# Kombi Adjustable Hedge Trimmer



## dearber (Apr 27, 2017)

I am planning on getting the Kombi system with the adjustable hedge trimmer attachment.

One dealer only has the KM131 (not the KM130), but he does have the adjustable trimmer HL-KM 135 in stock.
The second dealer I went to, has both the KM131 but also the KM130 (and it is discounted because it is the older series), so I am thinking about getting the power head KM130 from there. But he currently does not have the adjustable trimmer currently in stock.

He said though, that what the first dealer likely has is an older model of the attachment, HL-KM 135, while the one they wait to get some stock for in a few weeks, will be a newer one HL-KM 145, which he said should be lighter.

Checking the Canadian Stihl web site, I only see the 135:
http://en.stihl.ca/STIHL-Products/KombiSystem/KombiTools/21173-1482/HL-KM-Hedge-Trimmer-135.aspx

But Googling, I stumbled upon this:

http://www.stihl.com/STIHL-power-to...iSystem/CombiTools/274706-1484/HL-KM-145.aspx

I am not sure for what region this second web page is, but it does mean that maybe the second dealer is not just making up things so I wait and purchase from him, but maybe they really are waiting for the newer model.

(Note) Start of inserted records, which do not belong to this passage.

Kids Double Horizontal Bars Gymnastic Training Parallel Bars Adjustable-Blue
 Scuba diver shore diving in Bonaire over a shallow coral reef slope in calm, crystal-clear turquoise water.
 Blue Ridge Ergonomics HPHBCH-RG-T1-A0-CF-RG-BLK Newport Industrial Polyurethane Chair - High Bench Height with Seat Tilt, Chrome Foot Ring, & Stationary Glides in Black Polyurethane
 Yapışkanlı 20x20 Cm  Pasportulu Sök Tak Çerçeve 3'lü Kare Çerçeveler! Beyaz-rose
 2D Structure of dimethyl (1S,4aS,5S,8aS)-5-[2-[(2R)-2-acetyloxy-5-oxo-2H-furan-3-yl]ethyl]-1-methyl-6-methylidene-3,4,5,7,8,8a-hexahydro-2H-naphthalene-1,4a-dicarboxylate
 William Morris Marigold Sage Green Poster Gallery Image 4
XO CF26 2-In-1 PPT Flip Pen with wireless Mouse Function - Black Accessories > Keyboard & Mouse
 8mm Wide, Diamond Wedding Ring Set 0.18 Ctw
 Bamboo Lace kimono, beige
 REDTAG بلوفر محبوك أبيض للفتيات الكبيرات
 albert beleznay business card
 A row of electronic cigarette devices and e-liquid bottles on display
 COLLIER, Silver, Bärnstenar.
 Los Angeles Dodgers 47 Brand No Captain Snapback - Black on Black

Has anyone actually had the 145 ? Is it better ?
If so, and if the second dealer indeed will get the 145, I may just wait a few weeks.

If the specs listed at the web sites above are correct, it looks like the 145 is lighter by 300 grams (0.67 pounds)


----------



## Babaganoosh (Apr 27, 2017)

100% get the adjustable. 

I run a km 130 and it's great. Is the 131 better?

The adjustable is worth the extra.


----------



## dearber (Apr 27, 2017)

Oh yeah, I am getting an adjustable hedge attachment, both the '135 and '145 are adjustable ones.
I was just wondering about the difference between the two, and if it is worth the wait for the second one.

From what I have read the KM 131 engine is more or less similar, different size air filter, body / design is different, more streamlined etc .., but engine should be same or very similar. Don't know too much myself though, so others can likely chime in more on that.

I am getting enough of a discount on the KM 130 that I decided to pick that one up.


----------



## CR888 (Apr 27, 2017)

The HL-km145 has an operational range of 145° and is 300grams lighter than the old km-135 which has a 135° working range. The gearbox is redesigned and upgraded. I'd be DEFINITELY waiting for the new lighter model. I have the km-135 which works well but is heavier than my Solo articulated trimmer. Get the new one, the old model is exactly that..... old!


----------